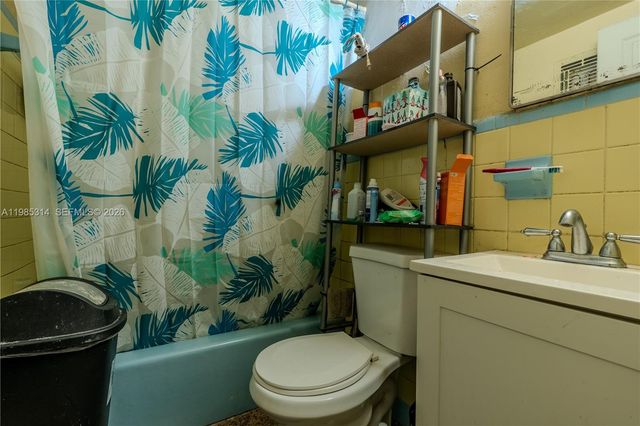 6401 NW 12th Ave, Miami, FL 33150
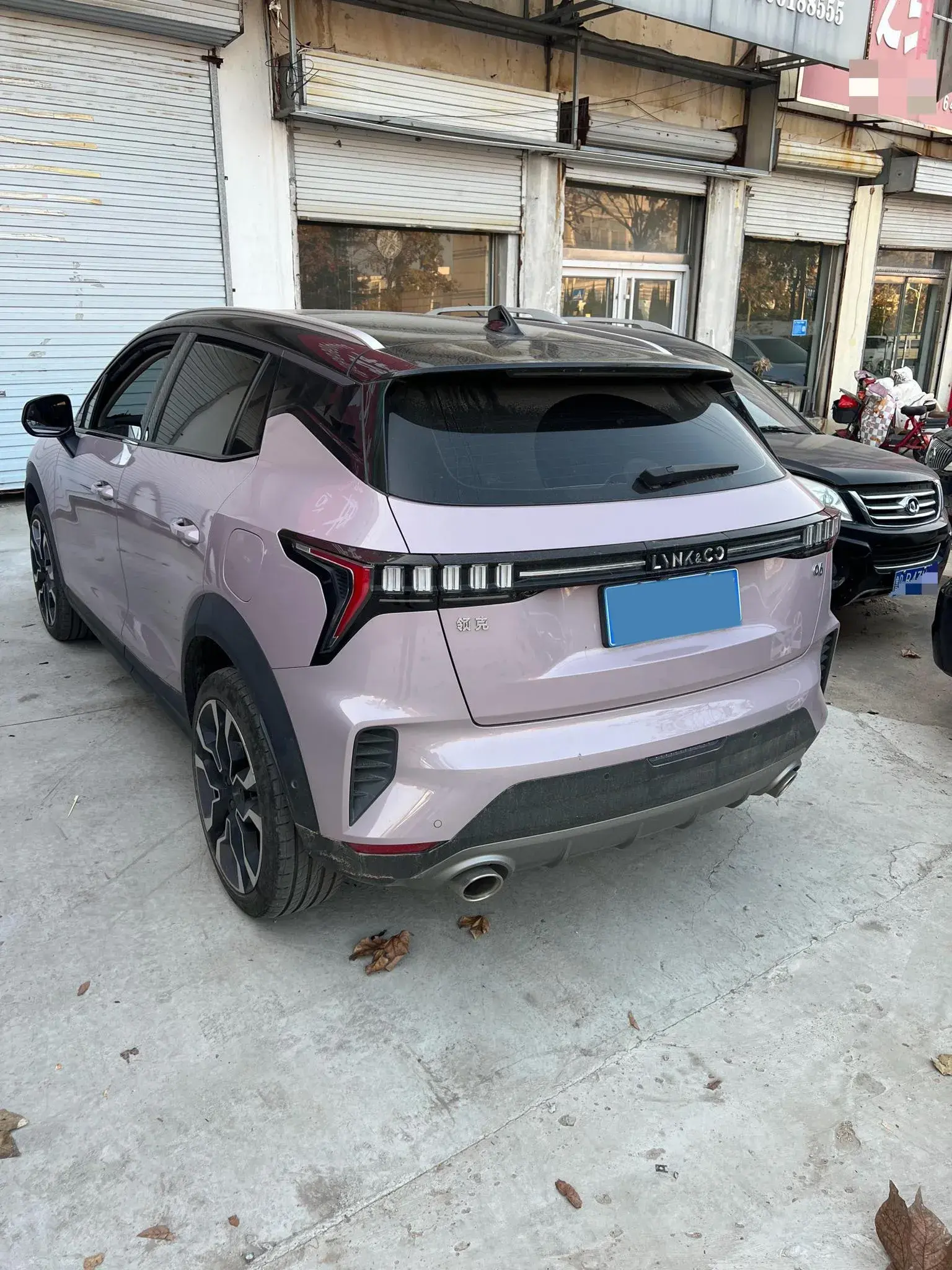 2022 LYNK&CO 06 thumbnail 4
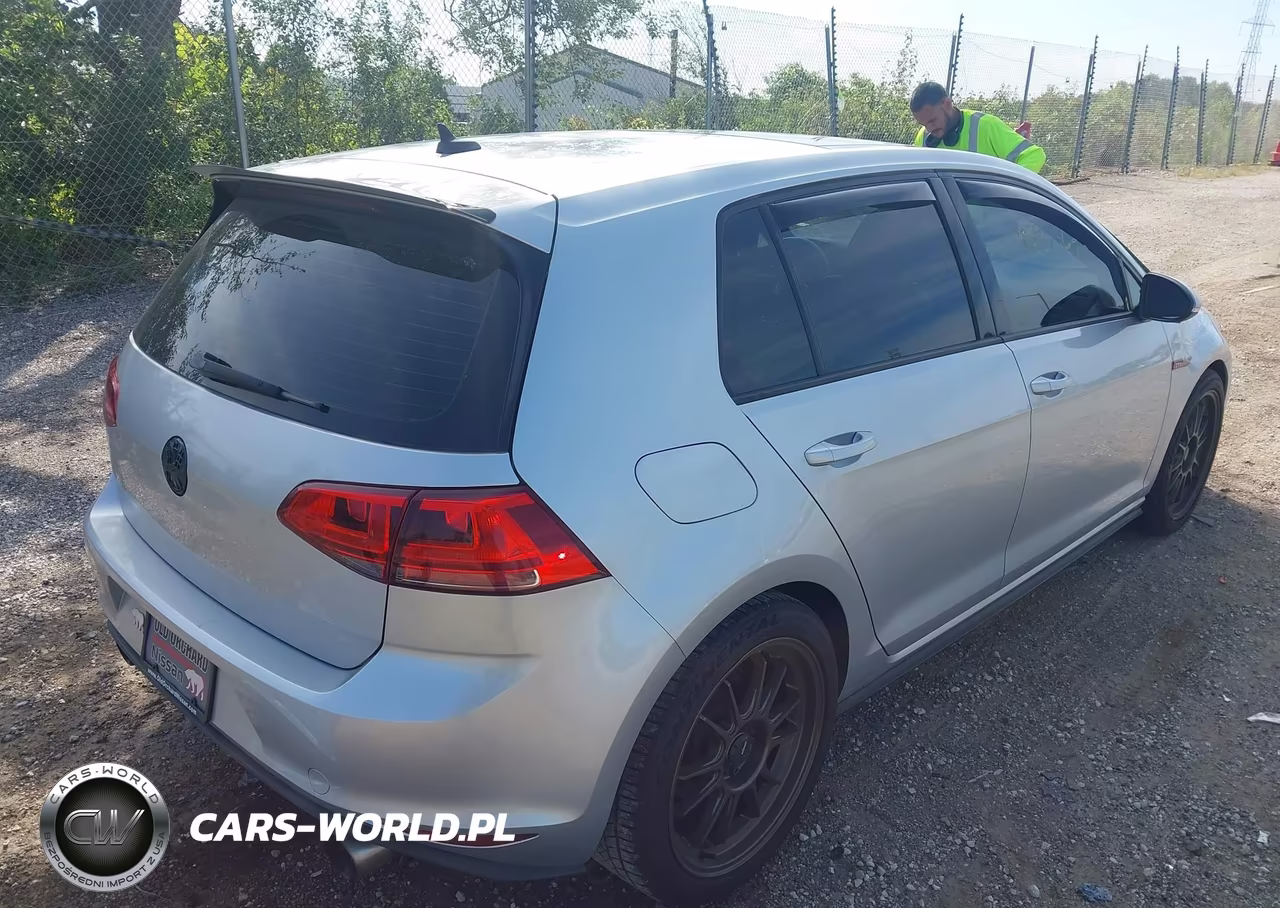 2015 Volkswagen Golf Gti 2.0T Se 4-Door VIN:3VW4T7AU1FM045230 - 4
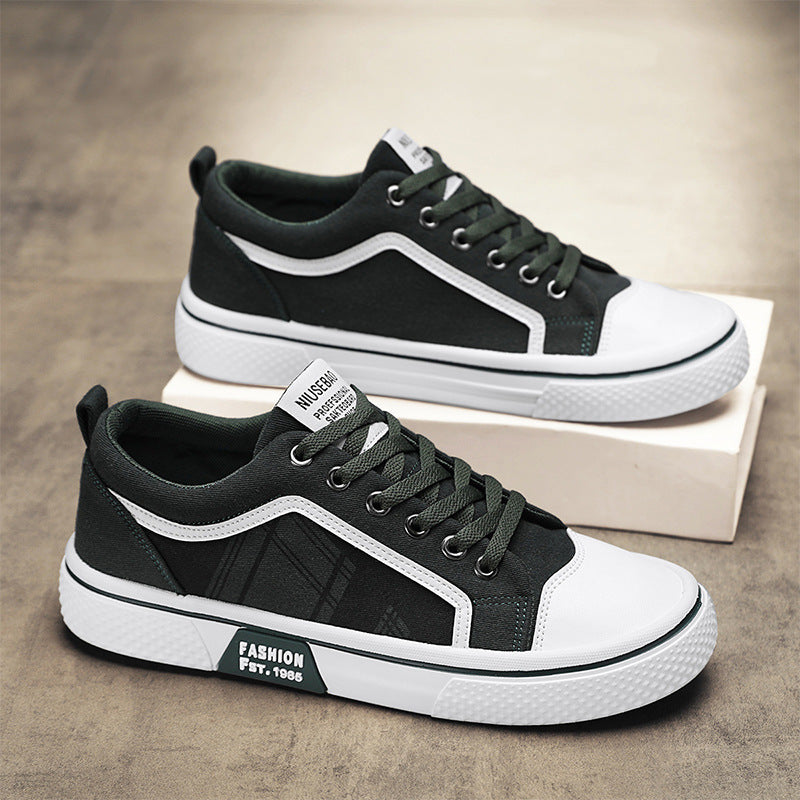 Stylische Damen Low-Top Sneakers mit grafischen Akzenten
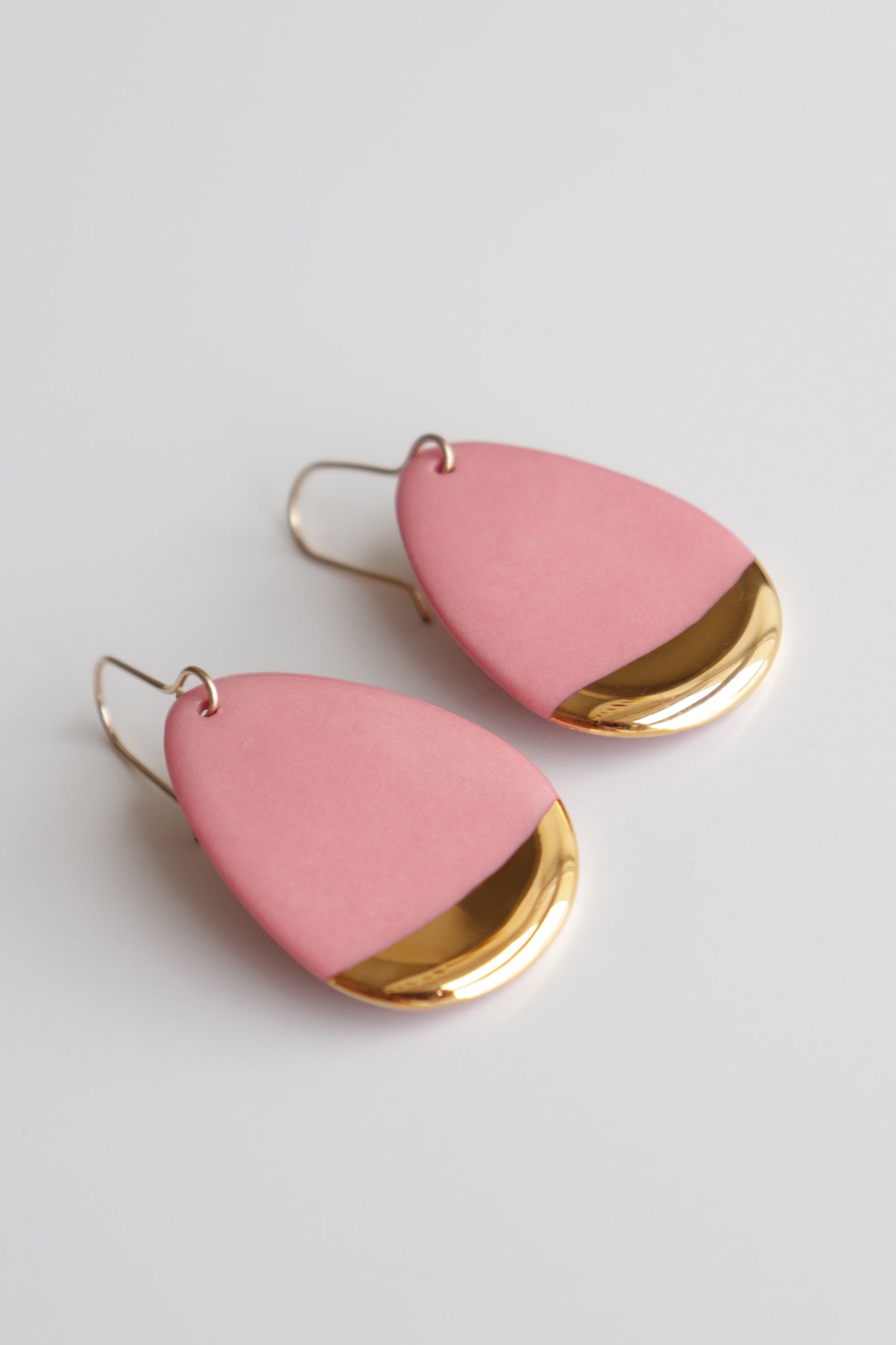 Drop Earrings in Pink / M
┄┄┄┄┄┄┄┄┄┄
Exercise aim »
Apart from the pictures, all of the data should be repeated exactly.

Exercise output »
 6401 NW 12th Ave, Miami, FL 33150
 2022 LYNK&CO 06 thumbnail 4
 2015 Volkswagen Golf Gti 2.0T Se 4-Door VIN:3VW4T7AU1FM045230 - 4
 Stylische Damen Low-Top Sneakers mit grafischen Akzenten
 Drop Earrings in Pink / M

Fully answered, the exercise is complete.